It’s a challenging experience and a huge responsibility considering the past issues related to food served at major championships, but one Thomas has embraced with both hands – literally.

Thomas, who has worked closely with GraceKennedy over the past few years, was again asked to bring a taste of home to the Jamaican athletes who are preparing for the August 5-21 Olympic Games here.

His cooking has made the complaints around the food available at the 2011 World Championships in Daegu, South Korea, nothing more than a distant memory for those who were also a part of the team then.

AMAZING FEELING

“The feedback has been very positive from everyone,” he told The Gleaner from his office space at Linx. “I’m beginning to think they are putting on a show to make me feel good. There is no way that so many persons can be so pleased about anything.”

“I’m just happy to make this sort of impact on the team generally. I’m honoured to be asked to do something like this again. I will always be thought about in this regard and that’s an amazing feeling,” he shared.

“Its important that they have familiar food and that they are comfortable with what they are eating when they prepare for competitions like this, so that they can perform to their best when it’s time for that,” Thomas added.

That familiar food includes everyone’s favourite – oxtail, then there is always a variety of other Jamaican staples, such as the chicken, fish, pork, stewed peas and curried mutton. Soups, porridges, fried plantain, fried and boiled dumplings, yam, dasheen, steamed cabbage, fruit cakes, sweet potato pudding, cornmeal pudding and, of course, ackee and salt-fish.

“Every day they are there in large numbers, eating large amounts of food,” Thomas laughed. “I’m happy that they are happy with the food. Some have been saying that they have to stop coming to the dining room so often and that I am awful because I am giving them too much food, but my disclaimer is that I am here to do the best possible job I can.”

LONG DAY

That job starts at 4:30 every morning when he starts preparing for breakfast, which is usually ready at 8 a.m. As soon as that is cleared, he immediately prepares lunch, then dinner and must then find time to do some of the work for the next day’s breakfast. This usually takes him beyond midnight. For him, it’s a like a long day every day.

“We are in a hotel-type environment and the kitchen is much smaller than in Birmingham when we were in camp ahead of the London Olympics, for instance, so that is something I have to compensate for. I have to start a lot earlier. We have to do a lot of items ahead of time and put in storage, so it’s a little taxing in terms of timing and so on,” Thomas explained.
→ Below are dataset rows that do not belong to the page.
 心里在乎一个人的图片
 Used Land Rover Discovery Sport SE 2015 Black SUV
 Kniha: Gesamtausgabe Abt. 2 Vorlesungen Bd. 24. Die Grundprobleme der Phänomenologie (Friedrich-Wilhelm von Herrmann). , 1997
“Quite a few persons have little preferences or nuances – whether they are lactose intolerant, or they request special juices, a certain cut of meat – you want to cater to them as best as you can.”

Coach Glen Mills, for instance, doesn’t like his porridge too sweet, so Thomas makes it his duty to separate Mills’ portion before he sweetens the pot.

He ensures there is a wide spread and the necessary options to ensure the athletes are enriched with the right nutrients ahead of their competition.

It’s the sort of attention they will not get when they move into the Athletes’ Village in a few days.

Thomas is not allowed to join them there, but he will hang around Rio to cater at a special Independence Day event that is being organised.

He is also hoping to take up the hotel staff’s offer to take him to see the city’s sights before he heads back to Jamaica on August 7 and although he will miss the mouths he has been feeding for the past week or so, he is already thinking about what he will do for them on their last day here.

“I will wave them ‘bye bye’ and then go to my room to finally get some sleep,” he laughed. “Maybe I will give them some fried chicken – they will love that. Definitely some oxtail, rice and peas is a must for them – yea, that will be their send-off dish.”

There’s hardly anything more Jamaican than that.

Still, the experience has again left an indelible mark on Thomas, as it clearly has on the stomachs of the country’s track stars – if their social media posts are anything to go by.

“It really feels good when you have spoken to that person, you share moments with them and you see them on the track representing their country, so that really feels good. This is an honour for me.”